Yes. So is "fast enough," "clean enough," "safe enough," "maintainable enough," and every other criterion any engineer in any discipline has ever optimized against. A bridge engineer decides what acceptable deflection is. A backend engineer decides what acceptable p99 latency is. Those numbers come out of judgment, taste, and context. They aren't handed down from physics.

What makes the judgment engineering rather than vibes is that I commit to it before I run the experiment, I apply it the same way across the comparison, and I'm willing to be wrong about the change. When I look at the new outputs and they're worse by my own stated criteria, I revert. That's the falsifiability the scientific method needs. Not an objective view of correctness, but a willingness to accept results that contradict the hypothesis.

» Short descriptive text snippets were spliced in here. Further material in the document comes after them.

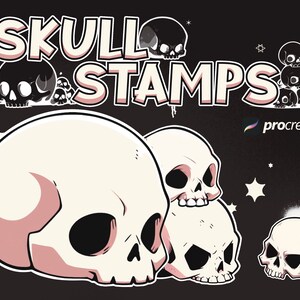 Procreate Halloween Skull Stamp Set - 102 Digital Skull Stamps, Spooky Clipart for Digital Art, Scrapbooking, and Crafts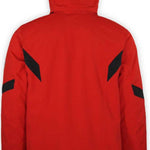 Boulder Gear Hyper Tech Insulated Jacket 2022-2023 - A red jacket with black accents on the shoulders and chest, featuring a hood and zippered pockets.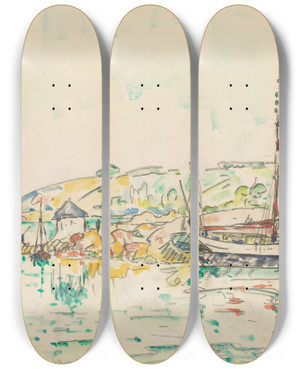 Triptych art skateboard deck of Paul Signac Concarneau by Paul Signac (1863-1935)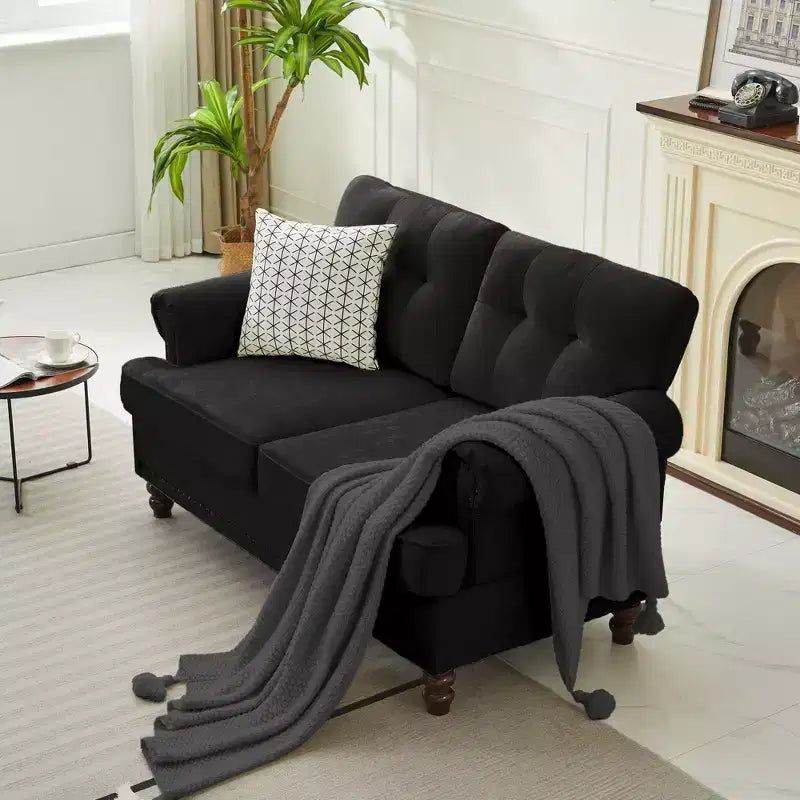 Hyleory 55.84 Causeuse capitonnée en chenille pour salon et chambre à coucher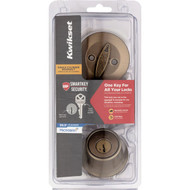 Kwikset 660 Single Cylinder Deadbolt with SmartKey  Polished Antique Brass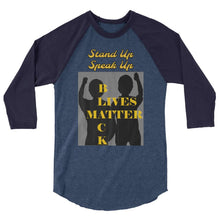 Load image into Gallery viewer, Black Lives Matter 3/4 sleeve raglan shirt - Shannon Alicia LLC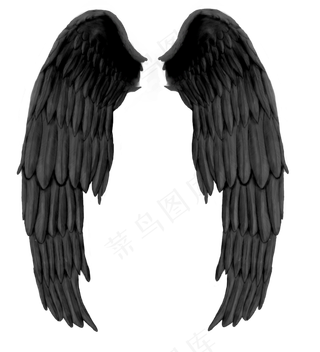 黑色恶魔翅膀电商设计免扣素材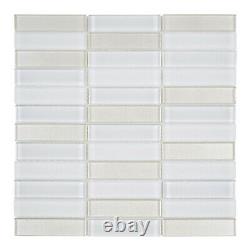 White Crystal Glass Mosaic Tile Texture Matte Blend Stacked Pattern Backsplash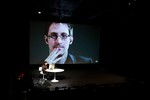 File - Edward Snowden talks with Jane Mayer via satellite at the 15th Annual New Yorker Festival on Saturday, Oct. 11, 2014 in New York.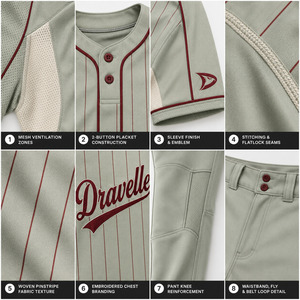 Uniforme de Béisbol y Sóftbol para Hombre, Jersey a Rayas con Ribete Color Borgoña, Pantalones a Juego, Conjunto para Partido - Product Image 6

Honestly, the evaluation here is easier than the abstract worry suggests. The harness itself codifies what good output looks like: the standards for code, the expected structure, the behavioral rules. So evaluation collapses to a clean question: did this input produce code that adheres to the standards the harness defines? I'm not reaching for a vague aesthetic. I'm checking outputs against criteria I've already committed to in writing, in the very artifact I'm modifying.

Codification

The deepest reason this is engineering, though, is what happens to the harness over time.

Every change that survives is a lesson made permanent. The current state of the harness is a fossil record of every hypothesis I confirmed: every failure mode I noticed, every input class I learned to handle, every interaction between tools that I figured out the hard way. It is also a fossil record of restraint. Every change I tried and threw away, every clever idea that turned out to make things worse, is not in there. That negative space is information too. A harness that only grows is a harness whose author wasn't doing science.

When someone reads my system prompt, they're reading the conclusions of hundreds of small experiments. The fact that those conclusions aren't presented as a research paper doesn't make them less real. They're load-bearing. The harness works because of them.

Where this leaves us

The substrate is new. The outputs are stochastic. The evaluation involves judgment. None of that means it isn't engineering. It just means it's engineering on an unfamiliar material, and people are pattern-matching on what engineering looks like instead of what it is.

Hypothesis. Experiment. Evaluation. Codify or discard.

That's the loop. I'm in it every day. Call it what you want. I'll keep doing the work.